SWA Group designed a master plan that uses canals and waterways for easy transportation.
Image courtesy SWA
SWA Group designed a master plan that uses canals and waterways for easy transportation.

The firm was hired to design a master plan for three square kilometers on the outskirts of Guangzhou, a city of 6 million in southern China. The Asian Games village will include residential units, commercial space, and sports venues, with public open space interspersed throughout.

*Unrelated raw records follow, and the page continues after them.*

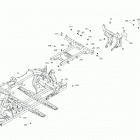 002 - Renegade 1000 EFI - T3 Рама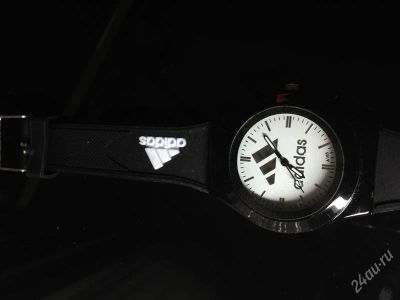 Лот: 2827161. Фото: 1. Adidas A165. Оригинальные наручные часы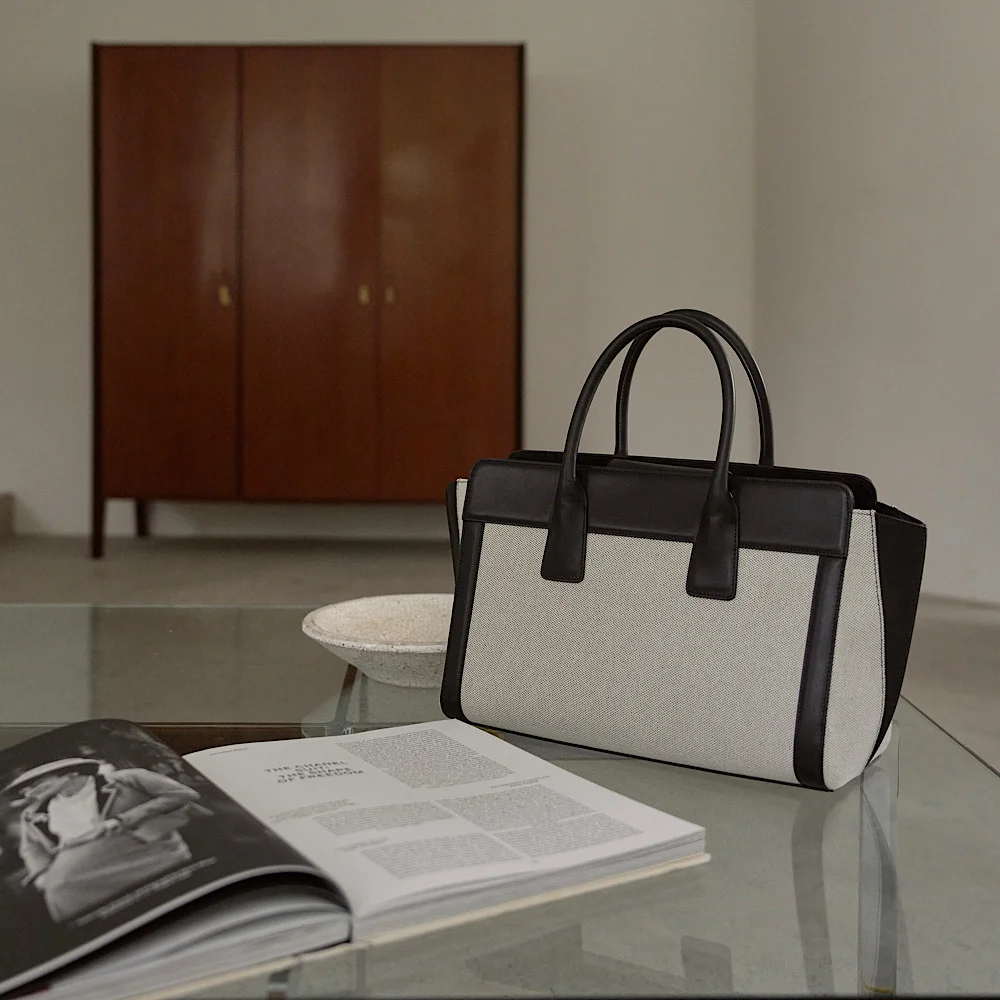 Tumdee Bag 黑色 Tumdee Bag Black
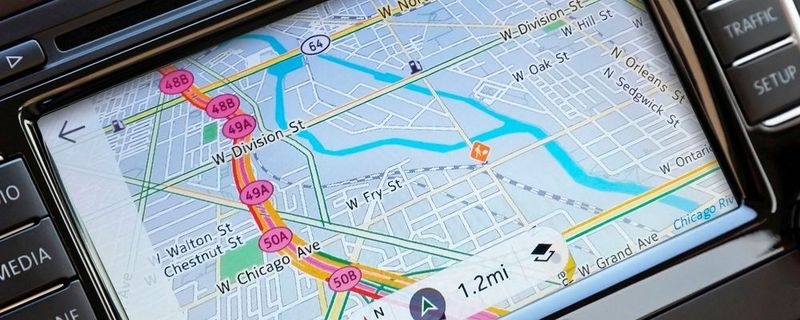 Der Kartendienst Here baut sein Geschäft aus: Über eine Partnerschaft mit Decawave soll ein System zur genauen Positionierung in Innenräumen entwickelt werden.
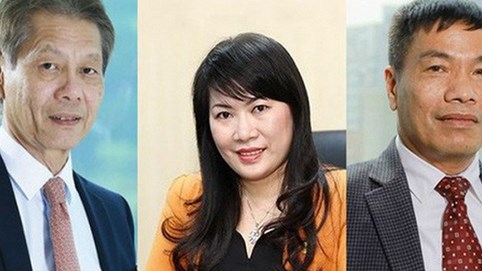 Kỷ lục thay 3 chủ tịch HĐQT chỉ trong 2 tháng tại Eximbank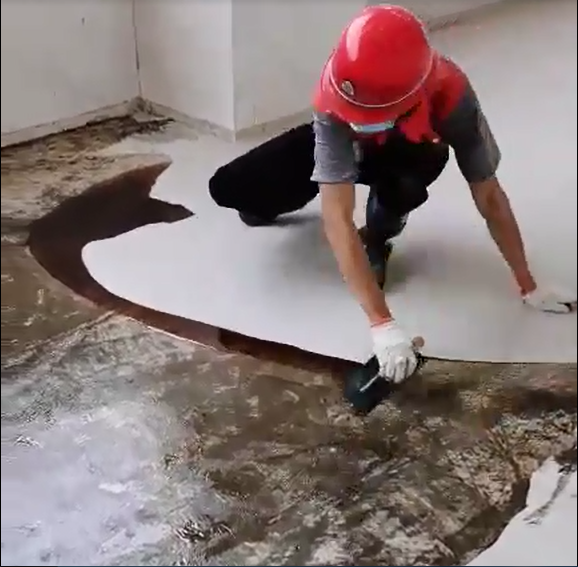 超强渗透底漆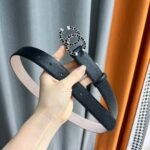 Chanel C logo belt - Image 8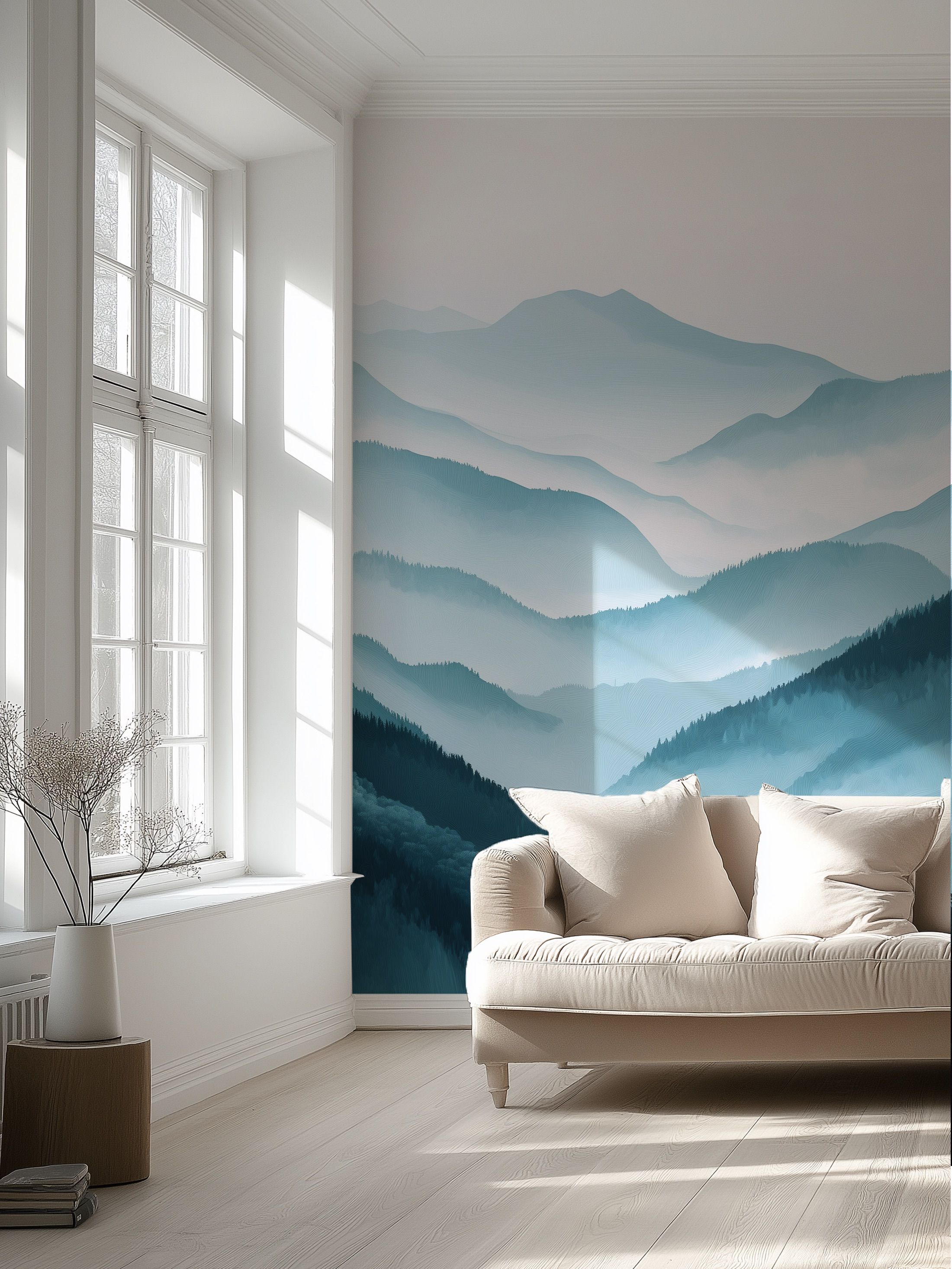 Custom Wallpaper Printing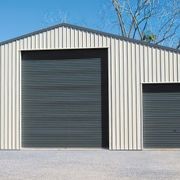 Commercial Roller Doors & Shutters gallery detail image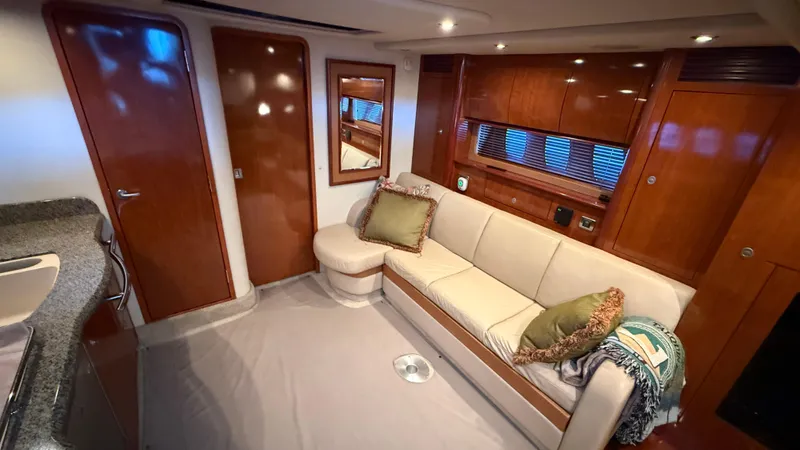 Ruach Yacht Photos Pics 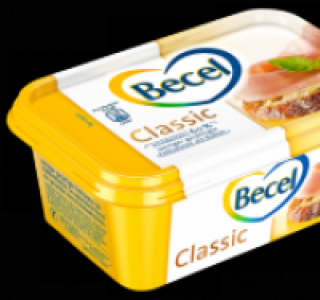 BECEL Margarine 0.99 €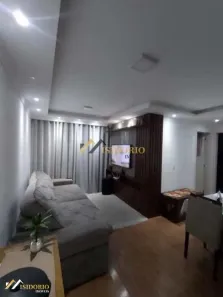 Apartamento com 2 Quartos à venda, 48m² no Tatuquara, Curitiba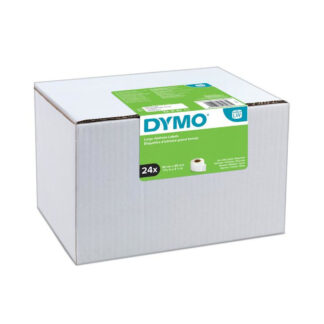 Ετικέτες για Εκτυπωτή Dymo Durable Λευκό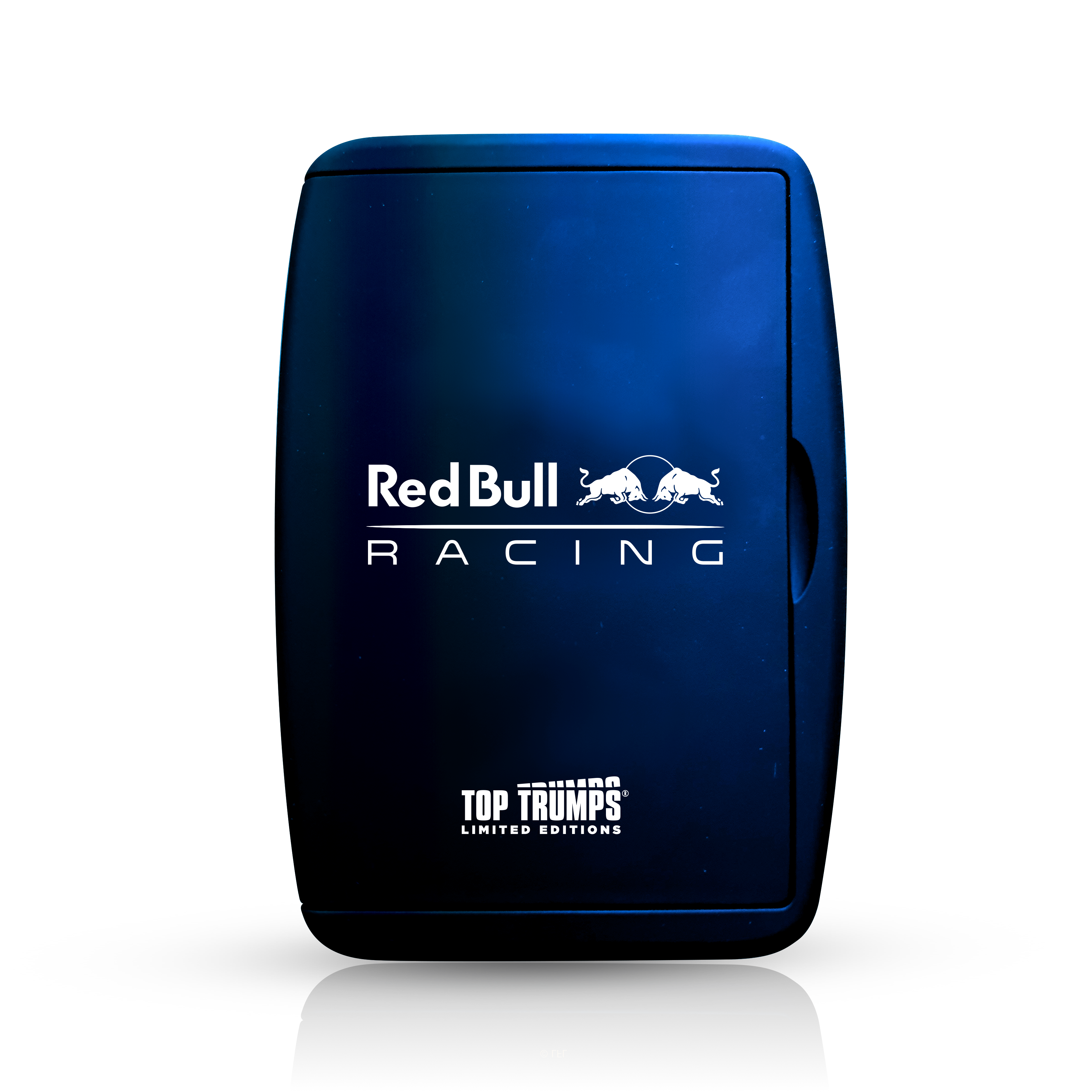 Top Trumps - Red Bull Racing (englisch)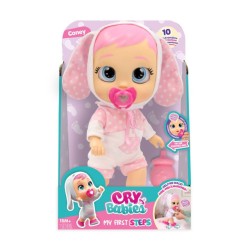 CRY BABIES MY FIRST STEPS...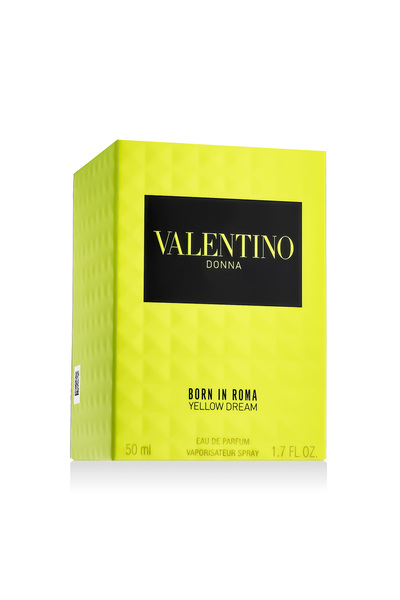 Valentino Uomo Born In Roma Yellow Dream EDP 50 ml M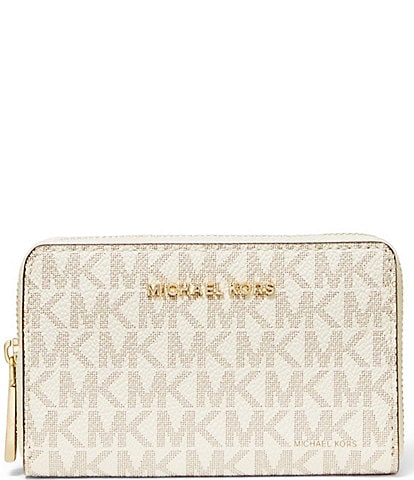 dillards michael kors wallets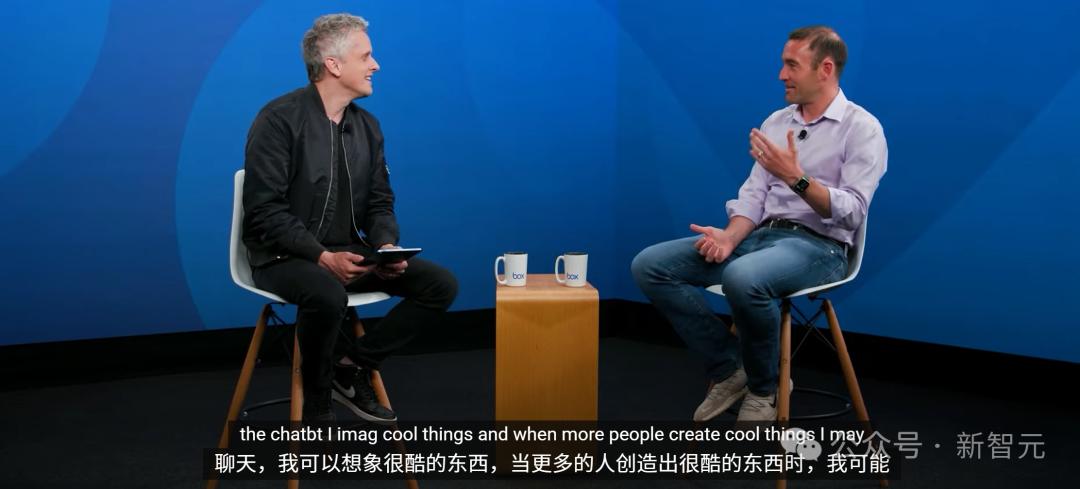 AI接管程序员，Anthropic创始人自曝行业末日时间表_AI接管程序员，Anthropic创始人自曝行业末日时间表_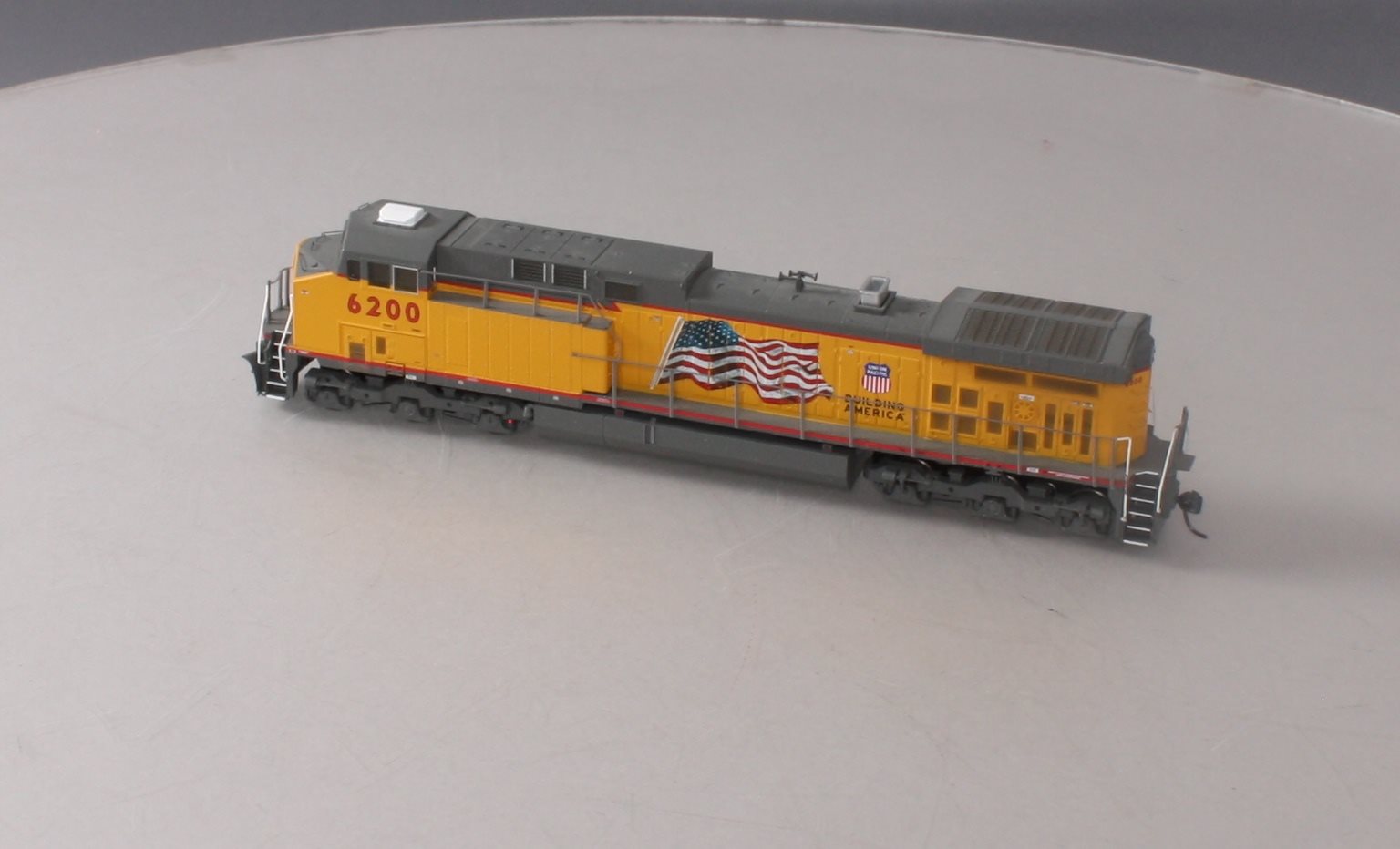 Athearn 79821 HO UP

SWA principal Sean O’Malley started work on the project in 2006, and his initial designs mimicked the pattern of historic villages around Guangzhou—dense hamlets situated on wooded hilltops, surrounded by expanses of agricultural land. When local planners and officials saw his sketches, they expanded the project and asked the firm to design a master plan for a 30-square-kilometer area surrounding the Asian Games’ village. The goal was to create a series of suburbs that would relieve congestion in overcrowded Guangzhou.

SWA’s scheme combines land-use, landscape, and transportation strategies with the idea of clustered villages. Placing densely populated areas on elevated ground, with farmland in between, the plan breaks up the parcel into six discrete towns, each with its own residential, commercial, industrial, and open-space zoning. To facilitate movement between these centers, SWA takes advantage of existing canals and tributaries that run through the site, which borders Pearl River to the east. Expanding the waterways where necessary, the firm envisions harbors in each town as part of a water-based transit system that connects the communities to each other and to three proposed light-rail stations that will link the site to central Guangzhou, 20 kilometers away.

After the initial planning phase was completed in 2007, the project was taken over by six Chinese design institutes—once state-run, design institutes are private firms that maintain a close relationship with state and local government—each in charge of its own town plan. Construction of the Asian Games village, scheduled for August 2010, is already under way.

The incredible speed with which the project is unfolding caused O’Malley some worry about whether the intentions of his plan would be carried through. “It has been our experience that working in China is a mixed bag,” he says. “The longer you can stay involved, the more successful [you’ll be].” Despite those reservations, he expresses faith in the younger generation of Chinese architects, who he believes will be successful in creating an “urban fabric” with a range of public spaces outside of Guangzhou.